Ni una nube en el cielo al rojo, pulido y brillante. Una gallina, acezando de las agallas, flojas las alas, sesteaba bajo unas matas. Corolas de radiche como velloncitos de lana sucia, se enredaban en los zarzales. Olor penetrante de los paicos.

Frutitos de clonquis, amarillando de espinas, viajaban prendidos a la bastilla de los pantalones de Edmundo, quien, borracho, había abandonado el bar. Miraba lejanías. Rechinaba los dientes y gesticulaba ridículo. La lija reseca.

A dos pasos del depósito de vinos de la Tarifeño, resudaba sentado el Cojín. Edmundo le vio su pierna enferma, con rama tensa, rematada en pulpa, roja de pus, de su dedo gordo, gangrenado. La barba, sedosa y negra, moruna en la tez cetrina.

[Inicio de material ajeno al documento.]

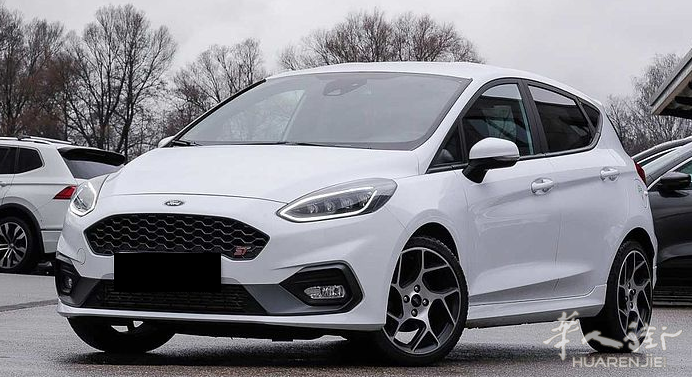 Ford Fiesta ST 200cv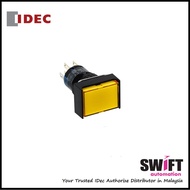 AL6H-M14*C IDEC 16MM A6 Series Illuminated Pushbuttons SPDT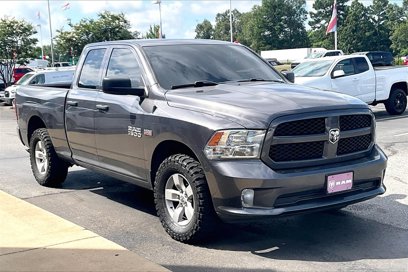Used 2018 RAM 1500 Express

Con habilidad de mujer, se hurgaba la ropa, despiojándose .

–¡Eh, Cojín, echa un trago! –lo invitó Edmundo, empinada y rebalsada su humanidad, como si las fuerzas todas, bullentes y reidoras del mundo, brotaran en él, y él mismo pisara racimos morados, y sangre destilaran sus labios y sus pies, y su corazón, tremendo en la cólera de su cariño, estrujado de vinos sangrientos.

Se alzó el Cojín para caminar. Apoyaba su cuerpo de bruces, en tronco de membrillo que le servía de cayado y sobrada defensa de perros y de hombres. Iscariote, cuando atardecido, una burra dulce, retoñada, ungía el paisaje de olivos y viñas y castaños, de unción evangélica.

–¡Medio pato de tinto! –alborotó Edmundo el depósito de vinos de la Tarifeño, alargando al Cojín un puñado sonoro de chauchas de níquel.

–¡Gracias, patrón! –dijeron una boca gruesa, unos ojos reventados de lágrimas.

Edmundo no era un patrón. Había tal deificación suya, pisador de lagar sobre rubios racimos de su carne de humanidad, exprimiendo el divino jugo, hasta llegar a Él, Dios, y no ahogarse en su ceño, sino ceñudo visitarle, y desafiarle exhausto.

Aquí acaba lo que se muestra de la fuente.